__EXERCISE__
Print out the records in full, keeping each word unchanged.

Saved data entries
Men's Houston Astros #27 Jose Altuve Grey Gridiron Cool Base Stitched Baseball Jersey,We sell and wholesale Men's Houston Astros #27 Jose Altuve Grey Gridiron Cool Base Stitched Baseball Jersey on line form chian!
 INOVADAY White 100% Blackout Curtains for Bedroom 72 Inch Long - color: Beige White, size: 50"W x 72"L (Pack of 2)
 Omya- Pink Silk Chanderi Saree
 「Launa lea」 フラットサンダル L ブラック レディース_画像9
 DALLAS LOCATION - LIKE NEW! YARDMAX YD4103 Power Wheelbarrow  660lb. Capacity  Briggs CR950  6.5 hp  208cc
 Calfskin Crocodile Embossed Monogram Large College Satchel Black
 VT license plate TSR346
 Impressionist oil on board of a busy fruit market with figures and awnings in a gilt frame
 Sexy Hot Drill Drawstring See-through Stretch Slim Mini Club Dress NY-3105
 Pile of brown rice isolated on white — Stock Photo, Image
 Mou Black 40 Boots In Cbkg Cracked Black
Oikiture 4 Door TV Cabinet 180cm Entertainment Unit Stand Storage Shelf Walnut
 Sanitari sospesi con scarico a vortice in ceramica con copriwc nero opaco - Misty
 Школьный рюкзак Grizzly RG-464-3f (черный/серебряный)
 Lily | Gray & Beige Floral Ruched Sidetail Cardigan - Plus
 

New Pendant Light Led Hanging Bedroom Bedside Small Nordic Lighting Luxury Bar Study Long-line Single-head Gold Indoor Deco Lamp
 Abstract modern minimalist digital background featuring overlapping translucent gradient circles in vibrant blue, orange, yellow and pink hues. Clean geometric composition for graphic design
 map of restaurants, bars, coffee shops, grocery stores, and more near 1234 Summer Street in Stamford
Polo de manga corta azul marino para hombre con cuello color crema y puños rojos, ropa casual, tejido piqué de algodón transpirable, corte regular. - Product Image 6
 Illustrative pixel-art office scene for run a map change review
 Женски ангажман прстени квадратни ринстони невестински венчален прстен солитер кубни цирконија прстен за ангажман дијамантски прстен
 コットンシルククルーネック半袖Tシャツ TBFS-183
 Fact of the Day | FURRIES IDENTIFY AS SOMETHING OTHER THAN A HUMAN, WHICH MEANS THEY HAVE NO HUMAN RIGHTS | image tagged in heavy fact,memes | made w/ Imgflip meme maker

__FINAL ANSWER__
Men's Houston Astros #27 Jose Altuve Grey Gridiron Cool Base Stitched Baseball Jersey,We sell and wholesale Men's Houston Astros #27 Jose Altuve Grey Gridiron Cool Base Stitched Baseball Jersey on line form chian!
 INOVADAY White 100% Blackout Curtains for Bedroom 72 Inch Long - color: Beige White, size: 50"W x 72"L (Pack of 2)
 Omya- Pink Silk Chanderi Saree
 「Launa lea」 フラットサンダル L ブラック レディース_画像9
 DALLAS LOCATION - LIKE NEW! YARDMAX YD4103 Power Wheelbarrow  660lb. Capacity  Briggs CR950  6.5 hp  208cc
 Calfskin Crocodile Embossed Monogram Large College Satchel Black
 VT license plate TSR346
 Impressionist oil on board of a busy fruit market with figures and awnings in a gilt frame
 Sexy Hot Drill Drawstring See-through Stretch Slim Mini Club Dress NY-3105
 Pile of brown rice isolated on white — Stock Photo, Image
 Mou Black 40 Boots In Cbkg Cracked Black
Oikiture 4 Door TV Cabinet 180cm Entertainment Unit Stand Storage Shelf Walnut
 Sanitari sospesi con scarico a vortice in ceramica con copriwc nero opaco - Misty
 Школьный рюкзак Grizzly RG-464-3f (черный/серебряный)
 Lily | Gray & Beige Floral Ruched Sidetail Cardigan - Plus
 

New Pendant Light Led Hanging Bedroom Bedside Small Nordic Lighting Luxury Bar Study Long-line Single-head Gold Indoor Deco Lamp
 Abstract modern minimalist digital background featuring overlapping translucent gradient circles in vibrant blue, orange, yellow and pink hues. Clean geometric composition for graphic design
 map of restaurants, bars, coffee shops, grocery stores, and more near 1234 Summer Street in Stamford
Polo de manga corta azul marino para hombre con cuello color crema y puños rojos, ropa casual, tejido piqué de algodón transpirable, corte regular. - Product Image 6
 Illustrative pixel-art office scene for run a map change review
 Женски ангажман прстени квадратни ринстони невестински венчален прстен солитер кубни цирконија прстен за ангажман дијамантски прстен
 コットンシルククルーネック半袖Tシャツ TBFS-183
 Fact of the Day | FURRIES IDENTIFY AS SOMETHING OTHER THAN A HUMAN, WHICH MEANS THEY HAVE NO HUMAN RIGHTS | image tagged in heavy fact,memes | made w/ Imgflip meme maker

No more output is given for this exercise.